- A Venezuela inaugurou uma fábrica de munição em Maracay, resultado de uma parceria de dez anos com a Rússia.
- O presidente da Venezuela, Nicolás Maduro, fez o anúncio durante as celebrações do Dia da Independência.
- A nova instalação terá capacidade para produzir setenta milhões de cartuchos por ano, aumentando a defesa do país.
- A Rússia é o principal parceiro militar da Venezuela, com cerca de trezentos e cinquenta acordos bilaterais em áreas como defesa, energia e saúde.
- A aliança é uma resposta ao isolamento internacional da Venezuela e reflete a crescente dependência militar do país em relação a Moscou.
CARACAS – A relação entre a Venezuela e a Rússia se fortalece com a recente inauguração de uma fábrica de munição em Maracay, fruto de uma parceria de 10 anos entre os dois países. O anúncio foi feito por Nicolás Maduro durante as celebrações do Dia da Independência, destacando a importância da cooperação militar.

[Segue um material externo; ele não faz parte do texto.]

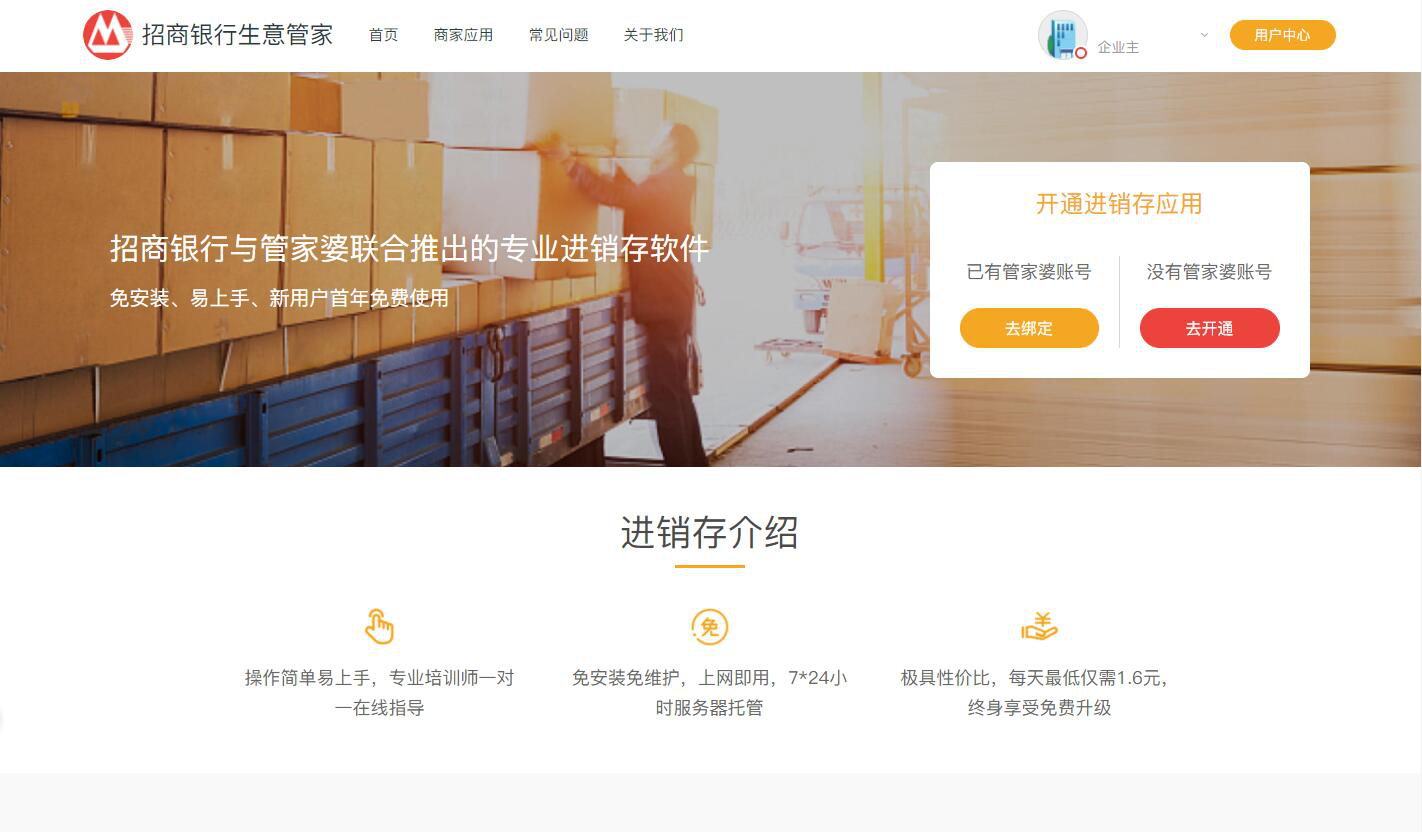777888精準管家婆免費,社會承擔(dān)實踐戰(zhàn)略_娛樂版62.544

A nova instalação, que produzirá 70 milhões de cartuchos anualmente, representa um avanço significativo na capacidade de defesa da Venezuela, que enfrenta sanções internacionais. O diretor da Rostec, Oleg Yevtushenko, afirmou que a fábrica é um passo crucial na colaboração tecnológica com a Rússia, o principal parceiro da Venezuela na América Latina.
Além da fábrica, Maduro e Putin têm consolidado laços em diversas áreas, com cerca de 350 acordos bilaterais em vigor, abrangendo defesa, energia e saúde. A Venezuela se tornou o sexto maior comprador de armas russas, refletindo a crescente dependência militar do país em relação a Moscou.
A aliança é vista como uma resposta ao isolamento internacional que a Venezuela enfrenta, especialmente após as eleições presidenciais de 2024, não reconhecidas por várias democracias. A Rússia, por sua vez, busca reafirmar sua influência na América Latina, especialmente em um contexto de tensões com os Estados Unidos.
A cooperação se estende ao setor petrolífero, onde a Rússia tem sido vital para a venda de petróleo venezuelano, ajudando a contornar as sanções dos EUA. Apesar das dificuldades econômicas, a relação entre Maduro e Putin continua a se aprofundar, com ambos os líderes buscando benefícios mútuos em um cenário geopolítico complexo.